Her gray eyes shone, telling him, I’m still the girl you loved. I’m just as I was. Please believe me!
“What about obstacles at work? Tell me about it. You say you aren’t registered as a graduate student anymore?”
“No.”
“Has your thesis been examined?”
“No again.”
“Why ever not?”
“I’ll tell you.”
She began speaking very rapidly, afraid that they might not have much time left.
“Nobody presents a thesis in three years. They’re given extensions. One girl spent two years writing a thesis on ‘Problems of Public Catering’; then they made her change her subject.”
(Why tell him this? It was of no importance at all.)
“My thesis is finished and typed, but I’m held up by the need to rework a few passages. . . .”
(Held up by the “struggle against subservience to the bourgeois West,” but this wasn’t the place to go into that!)
“. . . and then there are photocopies to be made. And I don’t know what to do about the binding. I’ve got plenty to worry about.”

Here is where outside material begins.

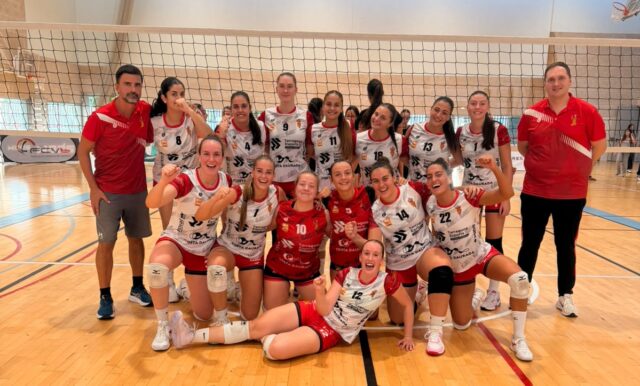 Volei SPiSP Hospitalet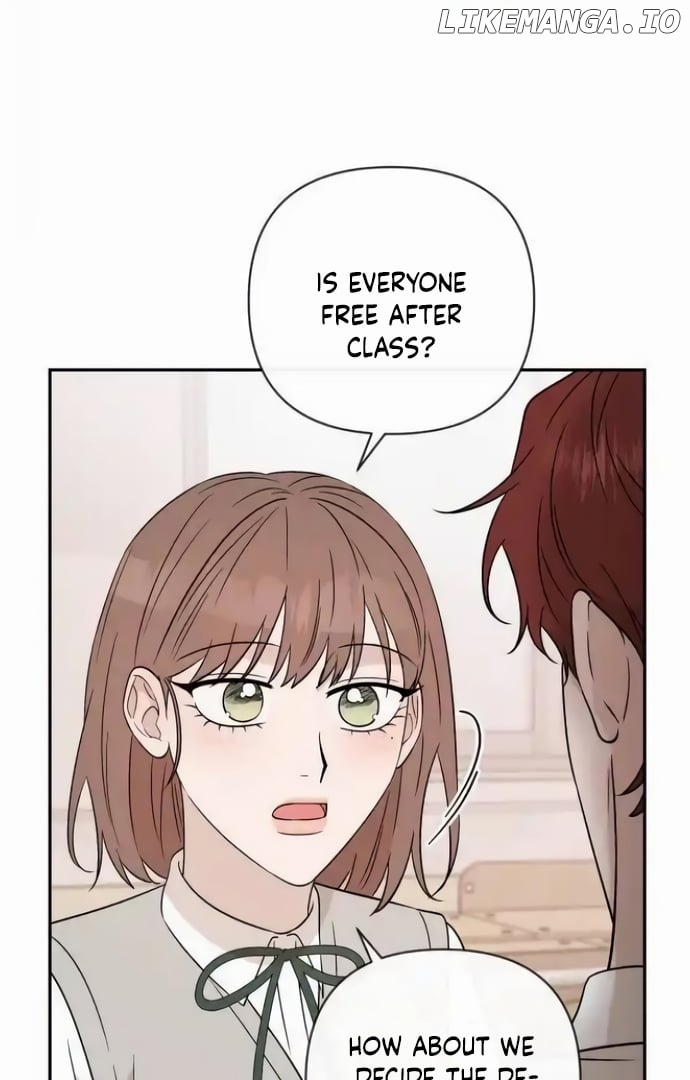 Between Jaeyoung and Jaeyoung Chapter 16 - page 15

“But do they pay your grant?”
“No.”
“So what are you living on?”
“My wages.”
“Oh, you’re working. Where?”
“Right there in the university.”
“What sort of job?”
“It’s just temporary. I’m an invisible helper, if you know what I mean. In general, I live from hand to mouth really. It’s the same with the dormitory. I shouldn’t really. . . .”
&
nbsp; She glanced at the guard. She was going to say that the police should long ago have canceled her permit to live at Stromynka Street but quite by mistake had extended it for six months. She might be found out any day! All the more reason not to talk about it in the presence of an MGB sergeant.
“I only got this visit today because . . . it just so happened that. . . .” (Oh dear, half an hour wasn’t long enough!)
“Wait a bit, you can tell me that later. What I wanted to ask was, are there any obstacles because of me?”
“Very serious ones, my dear. . . . They’re giving me. . . . They want to give me a special topic. I’m doing my best to avoid it.”
“What do you mean, a special topic?”
She sighed and glanced at the guard. His face, like that of a guard dog ready to bark or bite her head off at any moment, was suspended less than a meter from their faces.
Nadya made a helpless gesture. She would have had to explain that even in the university there were now practically no research topics without a security classification. The whole of science was being labeled secret from top to bottom. What this meant for Nadya was a new, more detailed questionnaire about her husband, her husband’s relatives, and the relatives of those relatives. If she put down “husband convicted under Article 58,” they would not let her present her thesis, let alone work at the university. If she lied—“husband reported missing on active service”—she would still have to give his name; they could look it up in the card index at the Ministry of the Interior, and she would be prosecuted for giving false information. Nadya had chosen a third solution, but she was reluctant to talk about it with Gleb’s watchful eyes on her, and took refuge in animated chatter.
“Listen, I’m in an amateur concert party at the university. They send me to play in concerts all the time. Not long ago I even played in the Hall of Columns on the same evening as Yakov Zak.”